Sunday, February 11, 2007

A Winter White That Works for Spring


WHATEVER the charms of the International Tennis Hall of Fame gala, held every year during the United States Open, looking for men’s fashion trends there would seem to be a fool’s errand.

But at last September’s event, the tennis legend Stan Smith spotted a spring look months ahead of time: a group of stylish young men had come in black tie and brand-new Stan Smiths, the white, stripe-free Adidas sneakers that have done more to enshrine Mr.
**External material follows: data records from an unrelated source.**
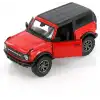 Kinsmart 1/38 2022 Ford Bronco - KT5738WFB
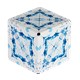 Shashibo Cube Arctic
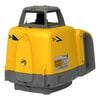 Spectra Precision 630-640 nm Class 2 Battery-Powered Dual Grade Laser with Receiver, small image number 4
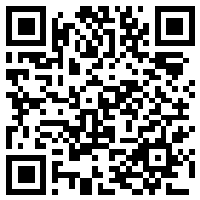 QR Code for bitcoin:bc1qeedc2la0583ja20slsja897442vs7rnghrmcey
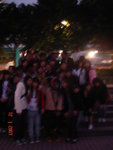 DSC07912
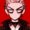 hal0withazer0's icon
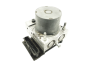 Pumpa Abs Opel Corsa C 24469609 0265800303 Bosch 45564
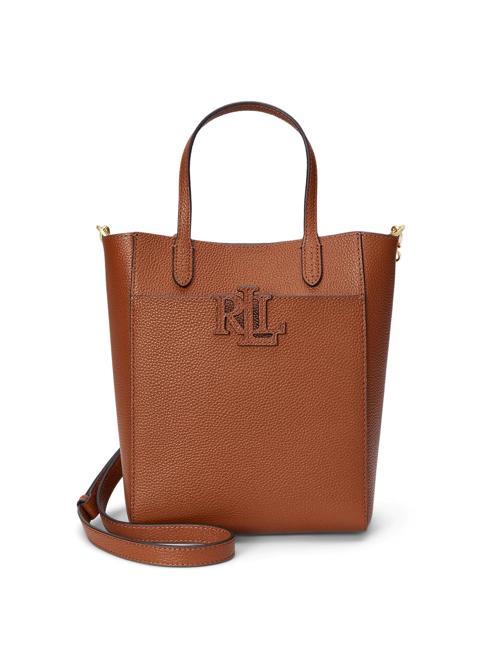 KADIN OMUZ ÇANTASI 431966760001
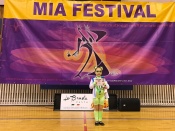 img-6500.jpg
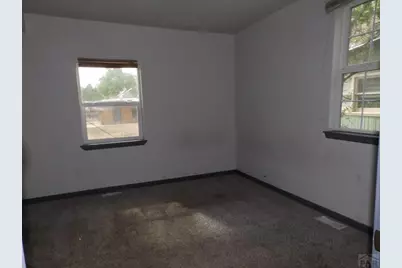 2627 E Routt Ave, Pueblo, CO 81004 - Photo 8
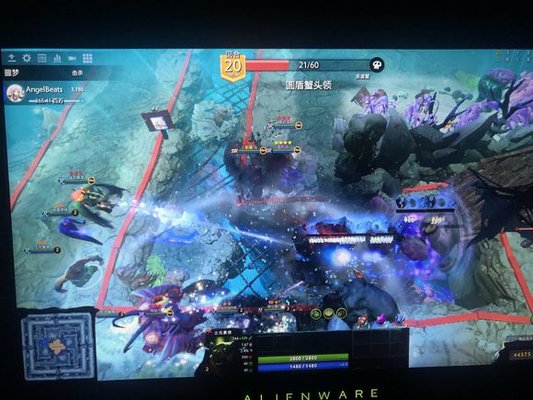 守望轮回谷n4怎么过？守望轮回谷n4打法分析阵容推荐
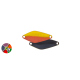 Color: 20 - UV COLOR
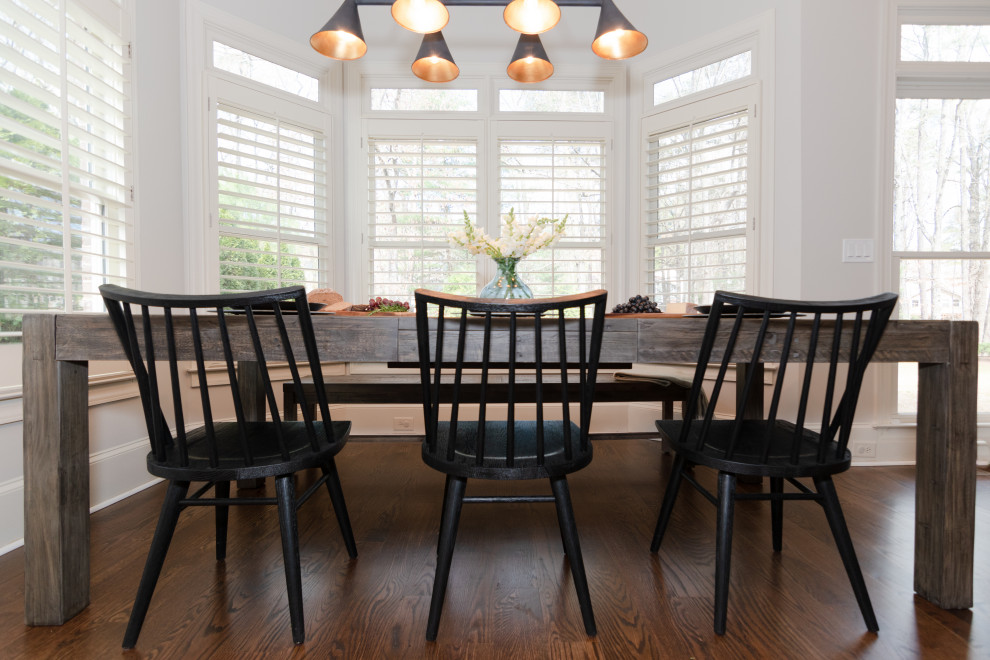 Douglas Kitchen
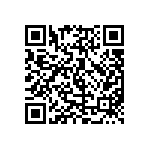 M29F800FB5AM6F2-TR QRCode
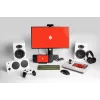 Valve Steam Deck OLED 1TB konsool
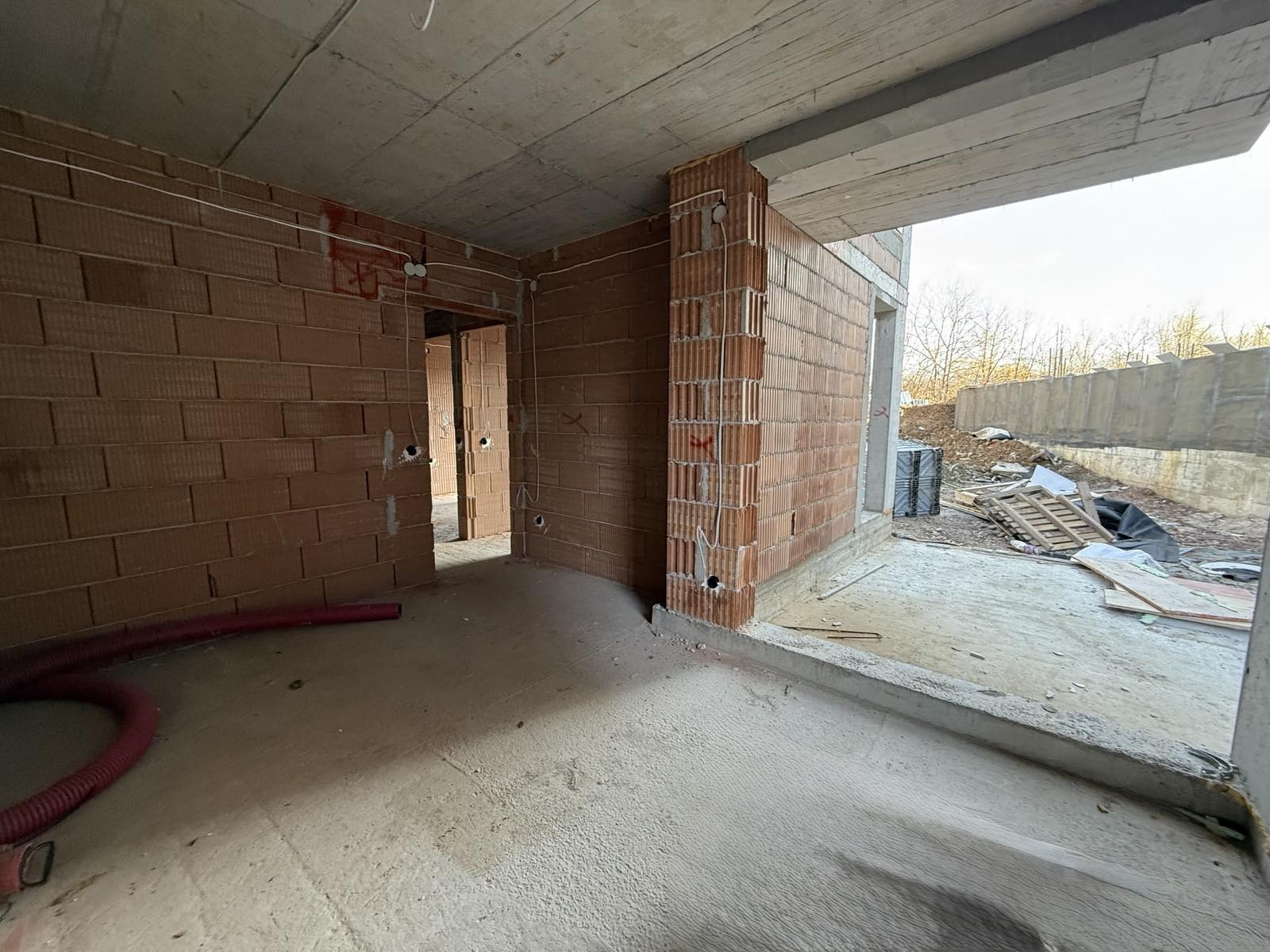 ������� 4-����� | Imot.bg � ����������� 7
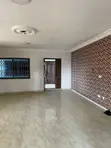 2-Bedroom Apartment for Rent, Pentecost Junction, Ablekuma - 5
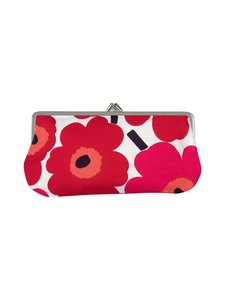 Casa Stockmann Marga Lasten Tyynyliina 40 X 60 cm Casa Stockmann Marga Lasten Tyynyliina 40 X 60 cm
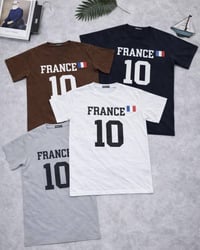 قطن ماستر • 16 قطعة • مقاسات M-2XL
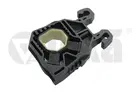 Pillow for heatsink mounting 51211337101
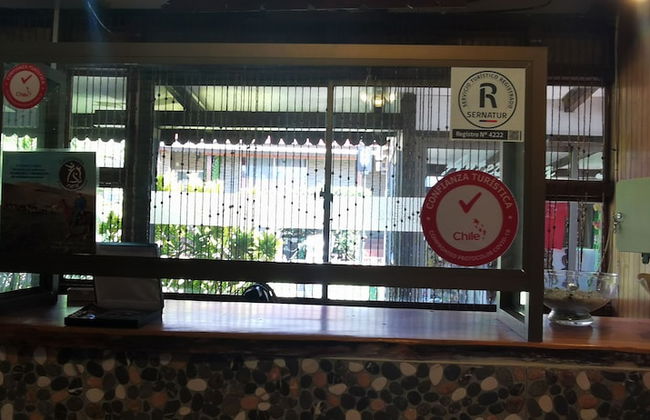 Mataveri Inn - Photo 5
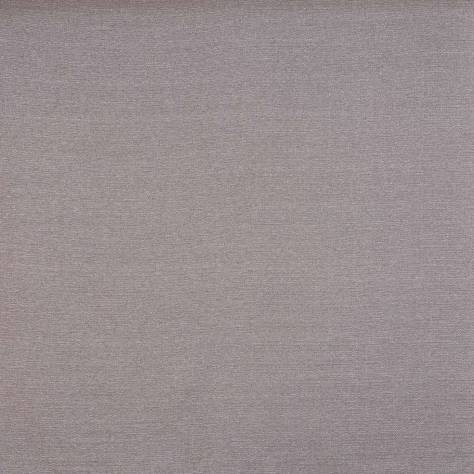 Prestigious Textiles Cheviot Fabrics Blythe Fabric - Grey - 1769/911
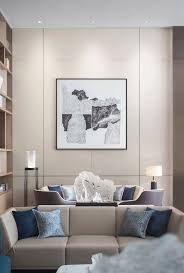 nature decor interior design living room decor living room interior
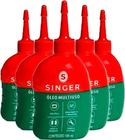 Óleo Singer Lubrificante Multiuso 100ml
Smith’s name in the annals of pop culture than his tennis record ever did.

“It was pretty neat,” said Mr. Smith, 60, who won the United States Open in 1969 and had the shoe named after him in 1971. “For me, they’re my work shoe.”

And now city men are wearing them to work, too, bringing sprightly new meaning to the WASPy old-man expression “white shoe.” A combination of factors — hip-hop stars who brag that they wear a new pair of clean white Nike Air Force 1’s every day; designers like Marc Jacobs (who has worn Stan Smiths since junior high) and John Varvatos (who made Converse Jack Purcells and Chuck Taylors must-haves again) — have converged to make the all-white, old-school sneaker into Le Shoe for the smart set.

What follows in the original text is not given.